## AIM OF THE EXERCISE
A faithful copy is needed of the lines below from the one with "Sterling Silver And" up to and including the one with "grey embroidered Pure"; set it down with no pictures and no other lines.
BEGIN LISTED ENTRIES
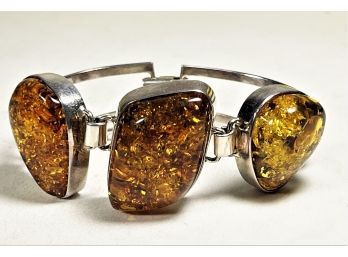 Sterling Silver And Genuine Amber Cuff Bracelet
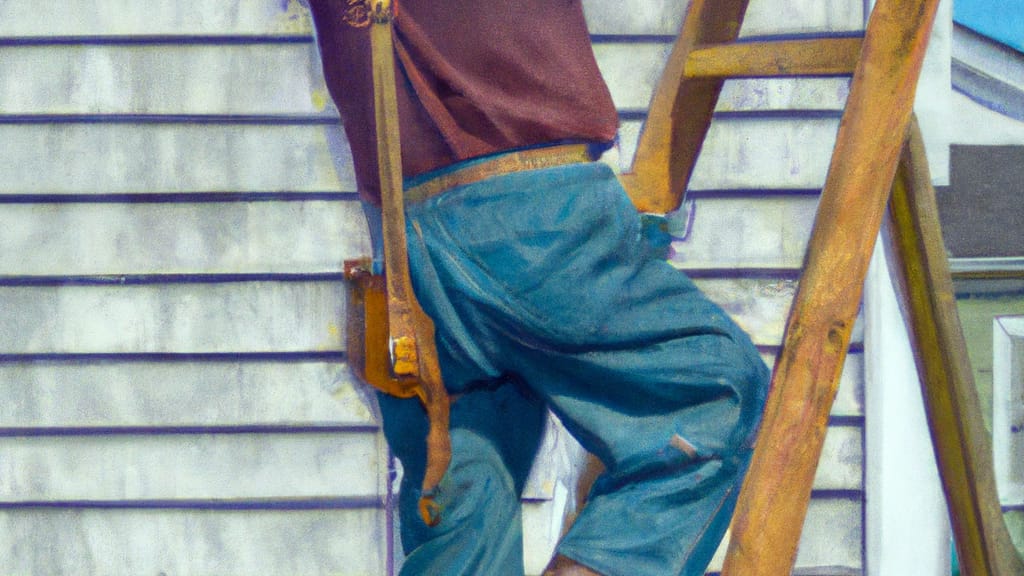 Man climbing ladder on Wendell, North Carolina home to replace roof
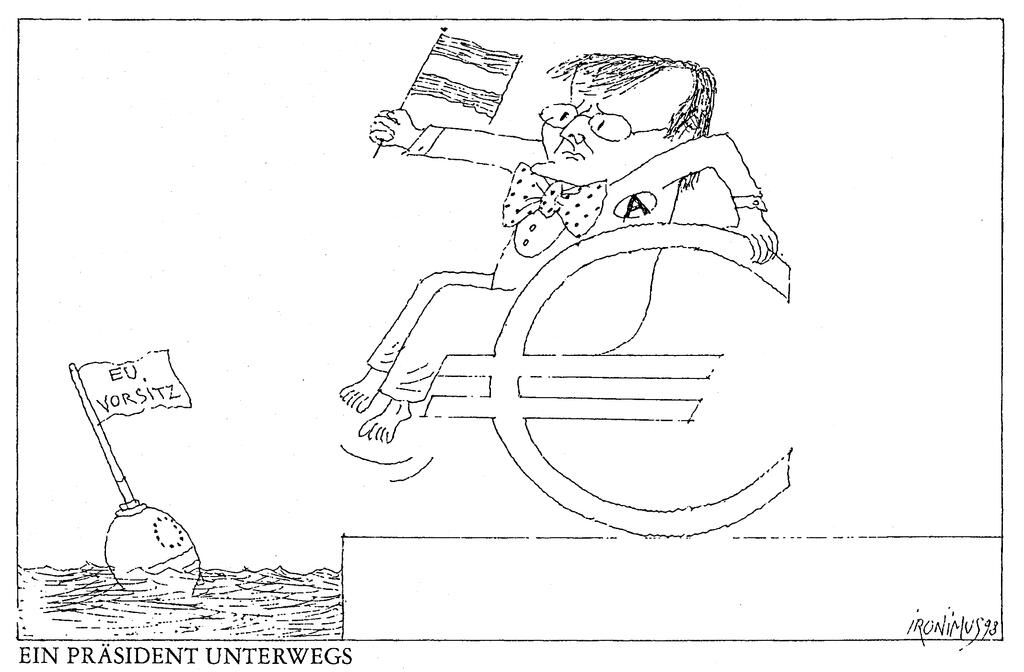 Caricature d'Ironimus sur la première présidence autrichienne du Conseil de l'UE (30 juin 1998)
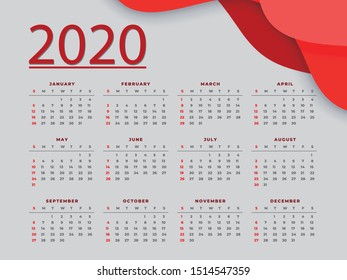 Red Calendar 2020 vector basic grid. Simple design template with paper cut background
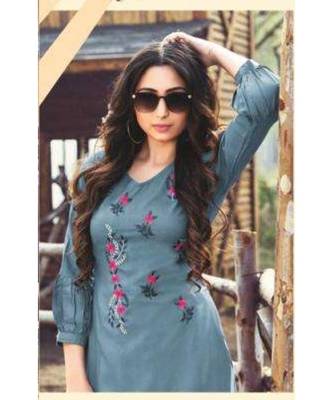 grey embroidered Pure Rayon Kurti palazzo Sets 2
END LISTED ENTRIES
BEGIN LISTED ENTRIES
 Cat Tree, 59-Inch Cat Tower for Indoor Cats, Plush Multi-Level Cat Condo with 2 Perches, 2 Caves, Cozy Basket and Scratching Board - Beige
END LISTED ENTRIES
## RESPONSE BOX
 Sterling Silver And Genuine Amber Cuff Bracelet
 Man climbing ladder on Wendell, North Carolina home to replace roof
 Caricature d'Ironimus sur la première présidence autrichienne du Conseil de l'UE (30 juin 1998)
 Red Calendar 2020 vector basic grid. Simple design template with paper cut background
 grey embroidered Pure Rayon Kurti palazzo Sets 2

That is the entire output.